I like this idea of interference, which is essentially what writers do. I wrote this book, my first, between home and away, and have my own digital archive of communication, texts and emails sent and received. Then I have my own private archive, e-mails abandoned, messages deleted, their sentiment deemed wrong or too heartfelt. I wrote this collection, from the publication of my first story, on and off, over a period of four years.
I wrote it against a ground bass of social change for women, during the abortion referendum and the Belfast rape trial, a case I followed with intense interest. I thought if I read everything about it I would learn something. All I learnt was how much news I could consume. It taught me nothing else. Like many other people, I thought that girl deserved better. I wanted better for her. I remember they read out texts from her friend in court, I imagine in a flat, emotionless voice, not unlike Akerman’s – private correspondence between two women made public.

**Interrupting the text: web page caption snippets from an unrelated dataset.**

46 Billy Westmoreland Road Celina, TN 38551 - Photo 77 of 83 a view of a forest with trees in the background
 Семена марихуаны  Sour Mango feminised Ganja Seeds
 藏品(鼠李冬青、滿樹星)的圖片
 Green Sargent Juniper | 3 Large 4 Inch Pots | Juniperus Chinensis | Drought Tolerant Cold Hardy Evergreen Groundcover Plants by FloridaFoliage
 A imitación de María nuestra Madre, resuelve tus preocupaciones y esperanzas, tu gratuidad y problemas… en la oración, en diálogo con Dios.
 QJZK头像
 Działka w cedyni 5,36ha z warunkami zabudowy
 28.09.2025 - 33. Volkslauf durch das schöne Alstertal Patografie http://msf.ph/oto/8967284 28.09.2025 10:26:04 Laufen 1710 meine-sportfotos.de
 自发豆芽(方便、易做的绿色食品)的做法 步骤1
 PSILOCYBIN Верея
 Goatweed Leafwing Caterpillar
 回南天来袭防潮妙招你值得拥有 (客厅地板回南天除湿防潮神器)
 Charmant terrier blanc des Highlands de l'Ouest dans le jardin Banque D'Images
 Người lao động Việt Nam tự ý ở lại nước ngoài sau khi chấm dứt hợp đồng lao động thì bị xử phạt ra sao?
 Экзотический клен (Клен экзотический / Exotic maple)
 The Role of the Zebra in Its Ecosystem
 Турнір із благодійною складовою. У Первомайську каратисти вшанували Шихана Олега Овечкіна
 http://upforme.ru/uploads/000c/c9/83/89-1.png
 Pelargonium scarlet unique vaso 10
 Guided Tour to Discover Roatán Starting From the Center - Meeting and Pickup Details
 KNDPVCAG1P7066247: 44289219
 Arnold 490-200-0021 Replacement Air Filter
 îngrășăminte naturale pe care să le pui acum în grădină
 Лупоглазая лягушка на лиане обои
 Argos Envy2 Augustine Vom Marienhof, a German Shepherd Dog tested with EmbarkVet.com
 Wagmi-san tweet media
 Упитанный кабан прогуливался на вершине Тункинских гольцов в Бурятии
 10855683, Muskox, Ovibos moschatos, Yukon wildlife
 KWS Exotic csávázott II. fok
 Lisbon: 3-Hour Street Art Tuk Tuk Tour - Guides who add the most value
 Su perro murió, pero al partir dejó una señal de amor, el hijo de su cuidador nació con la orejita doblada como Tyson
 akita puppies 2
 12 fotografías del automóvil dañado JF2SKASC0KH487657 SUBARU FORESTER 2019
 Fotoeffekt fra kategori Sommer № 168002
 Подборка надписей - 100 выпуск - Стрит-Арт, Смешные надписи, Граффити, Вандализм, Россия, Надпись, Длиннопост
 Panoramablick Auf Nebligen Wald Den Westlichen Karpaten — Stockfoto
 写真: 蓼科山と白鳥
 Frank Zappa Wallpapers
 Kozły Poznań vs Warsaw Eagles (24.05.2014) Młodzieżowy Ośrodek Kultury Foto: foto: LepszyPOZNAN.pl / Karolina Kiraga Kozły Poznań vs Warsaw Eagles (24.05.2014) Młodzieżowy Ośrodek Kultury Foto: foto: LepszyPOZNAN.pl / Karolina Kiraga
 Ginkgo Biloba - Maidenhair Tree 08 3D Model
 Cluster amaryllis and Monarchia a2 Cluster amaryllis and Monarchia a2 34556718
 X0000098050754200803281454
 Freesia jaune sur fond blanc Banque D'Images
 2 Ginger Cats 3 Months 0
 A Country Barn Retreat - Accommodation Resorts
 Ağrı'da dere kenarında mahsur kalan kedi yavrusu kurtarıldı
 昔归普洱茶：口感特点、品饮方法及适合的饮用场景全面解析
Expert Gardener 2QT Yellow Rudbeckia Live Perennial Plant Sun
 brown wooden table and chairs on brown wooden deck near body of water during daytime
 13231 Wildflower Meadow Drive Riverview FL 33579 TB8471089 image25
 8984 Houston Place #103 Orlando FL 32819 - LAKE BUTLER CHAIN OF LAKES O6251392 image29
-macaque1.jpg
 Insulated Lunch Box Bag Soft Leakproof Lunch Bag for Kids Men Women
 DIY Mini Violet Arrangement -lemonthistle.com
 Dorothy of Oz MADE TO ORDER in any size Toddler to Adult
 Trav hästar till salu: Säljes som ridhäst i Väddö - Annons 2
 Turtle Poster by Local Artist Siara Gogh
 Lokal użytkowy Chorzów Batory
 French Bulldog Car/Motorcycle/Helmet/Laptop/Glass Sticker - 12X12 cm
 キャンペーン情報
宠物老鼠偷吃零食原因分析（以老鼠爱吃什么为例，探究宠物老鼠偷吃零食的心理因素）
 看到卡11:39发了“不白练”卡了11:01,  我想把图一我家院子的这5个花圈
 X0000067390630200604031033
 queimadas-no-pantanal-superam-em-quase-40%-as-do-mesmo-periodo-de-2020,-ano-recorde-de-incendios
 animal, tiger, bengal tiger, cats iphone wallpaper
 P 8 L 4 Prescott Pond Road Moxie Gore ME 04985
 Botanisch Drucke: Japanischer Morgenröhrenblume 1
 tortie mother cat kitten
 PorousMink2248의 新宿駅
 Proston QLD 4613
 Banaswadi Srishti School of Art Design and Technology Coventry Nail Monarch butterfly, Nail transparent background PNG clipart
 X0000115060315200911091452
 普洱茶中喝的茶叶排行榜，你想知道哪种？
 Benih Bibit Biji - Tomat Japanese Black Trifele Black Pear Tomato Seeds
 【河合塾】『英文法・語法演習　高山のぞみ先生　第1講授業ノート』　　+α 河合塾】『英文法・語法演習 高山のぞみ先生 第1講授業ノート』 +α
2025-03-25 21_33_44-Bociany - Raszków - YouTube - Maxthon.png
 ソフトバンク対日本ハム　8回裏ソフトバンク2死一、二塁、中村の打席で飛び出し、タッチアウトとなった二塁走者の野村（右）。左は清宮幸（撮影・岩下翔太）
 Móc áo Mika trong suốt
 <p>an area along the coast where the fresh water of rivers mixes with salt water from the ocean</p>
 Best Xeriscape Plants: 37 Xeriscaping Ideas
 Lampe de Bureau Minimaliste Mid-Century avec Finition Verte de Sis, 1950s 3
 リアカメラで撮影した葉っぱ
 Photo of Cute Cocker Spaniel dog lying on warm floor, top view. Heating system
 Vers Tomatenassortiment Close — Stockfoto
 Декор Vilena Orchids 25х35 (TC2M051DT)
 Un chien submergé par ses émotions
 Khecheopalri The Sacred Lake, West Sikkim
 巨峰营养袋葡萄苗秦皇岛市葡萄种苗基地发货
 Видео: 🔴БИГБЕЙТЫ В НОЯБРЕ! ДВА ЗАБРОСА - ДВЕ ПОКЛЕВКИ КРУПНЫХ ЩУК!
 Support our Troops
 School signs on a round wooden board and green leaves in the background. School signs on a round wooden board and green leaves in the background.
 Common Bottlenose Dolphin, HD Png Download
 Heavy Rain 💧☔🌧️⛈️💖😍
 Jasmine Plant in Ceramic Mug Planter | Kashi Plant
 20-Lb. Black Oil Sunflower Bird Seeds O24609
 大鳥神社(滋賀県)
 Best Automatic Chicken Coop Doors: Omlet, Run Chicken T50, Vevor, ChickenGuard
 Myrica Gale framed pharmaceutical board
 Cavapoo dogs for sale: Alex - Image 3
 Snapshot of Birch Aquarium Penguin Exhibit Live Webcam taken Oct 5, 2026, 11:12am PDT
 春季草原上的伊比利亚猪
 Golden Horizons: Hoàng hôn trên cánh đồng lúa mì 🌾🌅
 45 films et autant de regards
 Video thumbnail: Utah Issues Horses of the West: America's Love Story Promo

It read: “I’m sorry I left you. I will never leave you again.” This was interference, a shred of love appearing where it never should have been.
A book begins privately and it winds up a public object. To talk any more about that process would be a waste of time. Besides, I don’t care. I just hope a feeling of private correspondence remains in these stories, something honest and open and uncynical, as simple as signing off a letter with, “Stay well, sweetheart”.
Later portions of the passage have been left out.